_Your goal_
Using the records below, quote only the span that opens with the line containing "Meuble vitrine en" and closes with the line containing "5627 Draper Road, Fort", exactly and inclusively.

_Data section_
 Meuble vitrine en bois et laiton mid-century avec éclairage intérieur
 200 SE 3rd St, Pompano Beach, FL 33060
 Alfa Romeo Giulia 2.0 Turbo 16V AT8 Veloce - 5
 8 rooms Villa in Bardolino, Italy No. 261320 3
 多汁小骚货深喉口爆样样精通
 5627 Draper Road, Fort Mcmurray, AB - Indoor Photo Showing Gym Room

==

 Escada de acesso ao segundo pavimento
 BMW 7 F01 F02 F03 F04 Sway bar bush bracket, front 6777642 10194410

* * *

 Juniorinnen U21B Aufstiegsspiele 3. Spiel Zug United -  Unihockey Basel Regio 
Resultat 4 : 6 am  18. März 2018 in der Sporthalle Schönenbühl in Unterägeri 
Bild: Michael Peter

_Task result_
 Meuble vitrine en bois et laiton mid-century avec éclairage intérieur
 200 SE 3rd St, Pompano Beach, FL 33060
 Alfa Romeo Giulia 2.0 Turbo 16V AT8 Veloce - 5
 8 rooms Villa in Bardolino, Italy No. 261320 3
 多汁小骚货深喉口爆样样精通
 5627 Draper Road, Fort Mcmurray, AB - Indoor Photo Showing Gym Room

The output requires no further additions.